Thomas, mon frère jumeau !

 

C'était après la mort de Jésus, le soir du premier jour de la semaine. Les disciples avaient verrouillé les portes du lieu où ils étaient, car ils avaient peur des Juifs. Jésus vint, et il était là au milieu d'eux. Il leur dit : "La paix soit avec vous !" Après cette parole, il leur montra ses mains et son côté. Les disciples furent remplis de joie en voyant le Seigneur.

Jésus leur dit de nouveau : "La paix soit avec vous ! De même que le Père m'a envoyé, moi aussi je vous envoie." Ayant ainsi parlé, il répandit sur eux son souffle et il leur dit : "Recevez l'Esprit Saint. Tout homme à qui vous remettrez ses péchés, ils lui seront remis ; tout homme à qui vous maintiendrez ses péchés, ils lui seront maintenus."
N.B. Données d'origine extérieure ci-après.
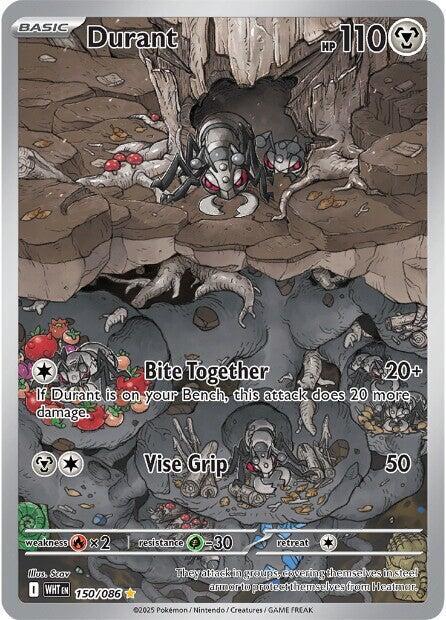 Pokemon - Scarlet & Violet - White Flare - Durant - 150/086 - Holofoil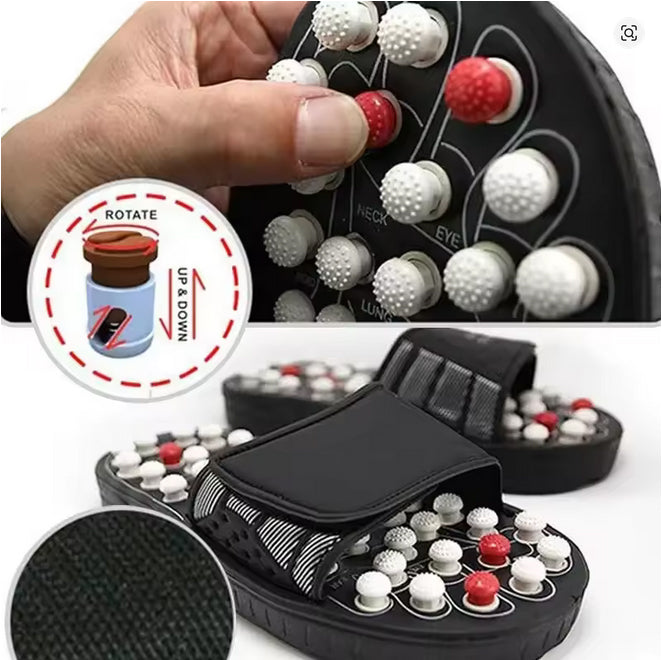 Acupressure Foot Massager Sandals – Reflexology Foot Massage Slippers Shoes
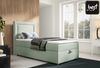Best For Home Trinity K3 Einzel-Boxspringbett mit Bonnell-Federkern, Matratze, Topper und Bettkasten. Gepolstertes Bett mit Stauraum. Bild 2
Or, l'un des Douze, Thomas (dont le nom signifie : "Jumeau") n'était pas avec eux, quand Jésus était venu. Les autres disciples lui disaient : "Nous avons vu le Seigneur !" Mais il leur déclara : "Si je ne vois pas dans ses mains la marque des clous, si je ne mets pas mon doigt à l'endroit des clous, si je ne mets pas la main dans son côté, non, je ne croirai pas."
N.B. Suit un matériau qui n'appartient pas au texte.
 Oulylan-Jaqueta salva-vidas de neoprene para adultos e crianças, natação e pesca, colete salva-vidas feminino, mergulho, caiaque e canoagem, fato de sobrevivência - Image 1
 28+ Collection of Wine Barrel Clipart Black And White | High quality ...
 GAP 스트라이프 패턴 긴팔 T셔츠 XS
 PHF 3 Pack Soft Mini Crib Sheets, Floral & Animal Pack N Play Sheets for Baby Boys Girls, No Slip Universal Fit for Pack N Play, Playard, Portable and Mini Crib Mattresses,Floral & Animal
Huit jours plus tard, les disciples se trouvaient de nouveau dans la maison, et Thomas était avec eux. Jésus vient alors que les portes étaient verrouillées, et il était là au milieu d'eux. Il dit : "La paix soit avec vous !" Puis il dit à Thomas : "Avance ton doigt ici, et vois mes mains ; avance ta main, et mets-la dans mon côté : cesse d'être incrédule, sois croyant." Thomas lui dit alors : "Mon Seigneur et mon Dieu !" Jésus lui dit : "Parce que tu m'as vu, tu crois. Heureux ceux qui croient sans avoir vu."
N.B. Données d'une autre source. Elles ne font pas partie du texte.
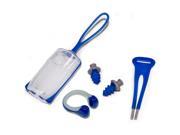 Aqua Sphere Silicone Ear Plug and Nose Clip with Case Swim Set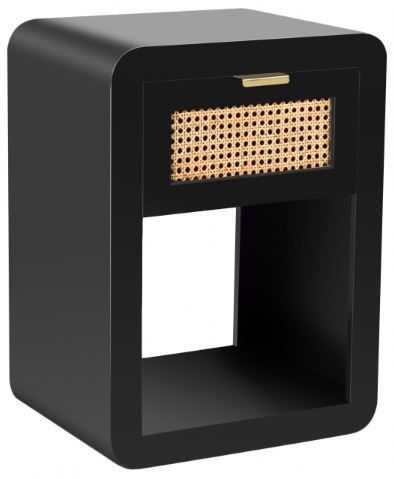 Meridian Furniture Langham Black Nightstand-0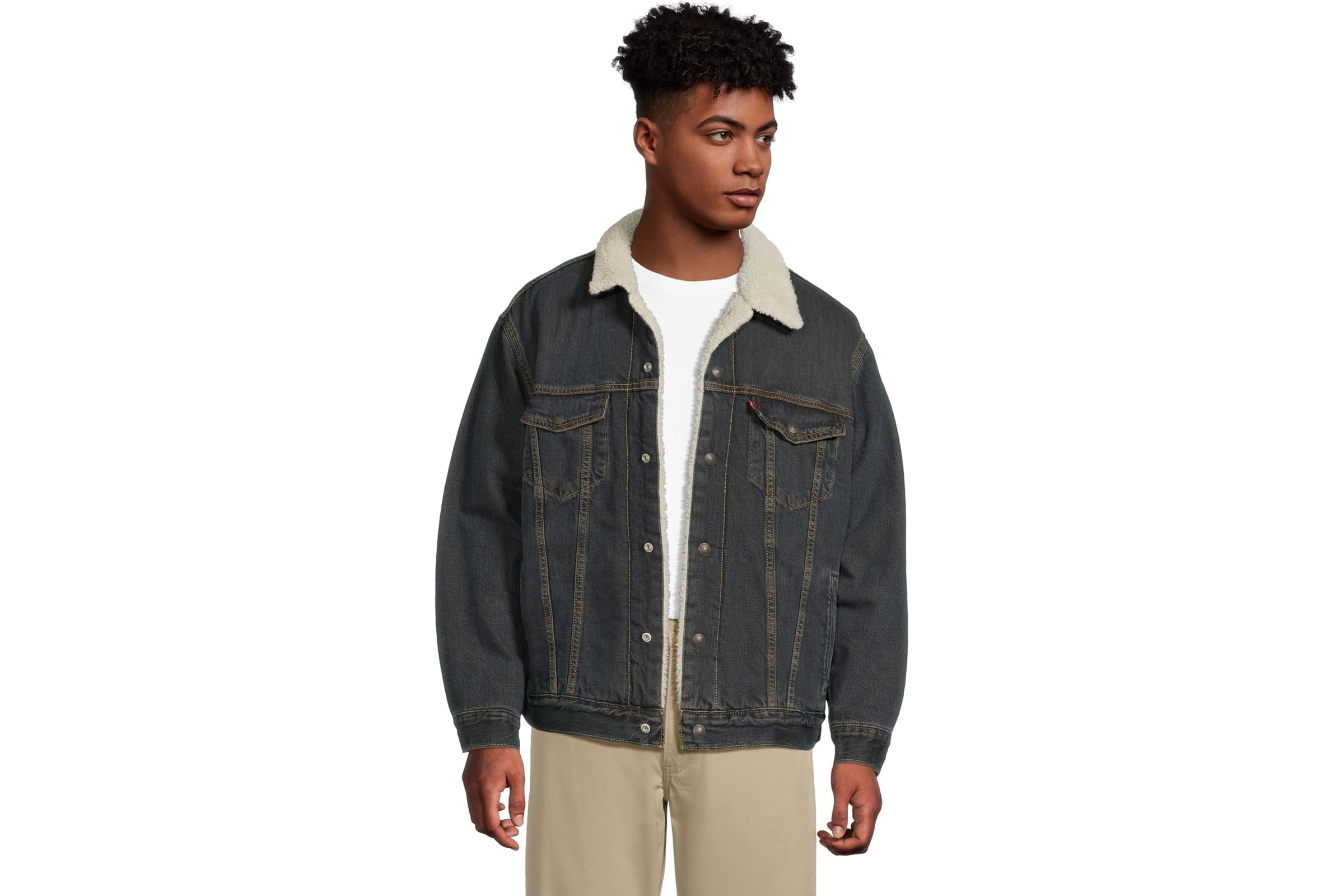 Levis Mens Relaxed Fit Sherpa Trucker 19390₽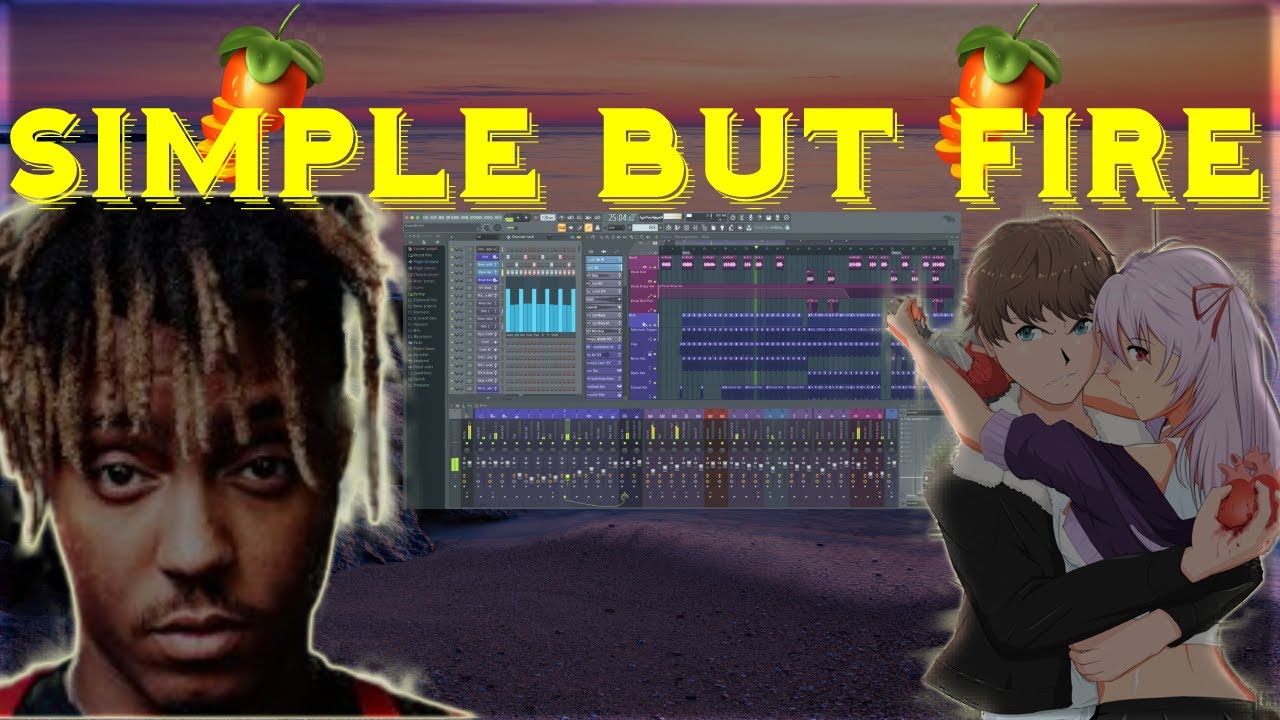 How to make Juice Wrld X The Kid LARIO type Beat Using FL Studio 20 (Simple But Fire)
Il y a encore beaucoup d'autres signes que Jésus a faits en présence des disciples et qui ne sont pas mis par écrit dans ce livre. Mais ceux-ci y ont été mis afin que vous croyiez que Jésus est le Messie, le Fils de Dieu, et afin que, par votre foi, vous ayez la vie en son nom.

Evangile de Jésus Christ selon saint Jean 20, 19-31

DEUXIEME DIMANCHE DE PAQUES (A)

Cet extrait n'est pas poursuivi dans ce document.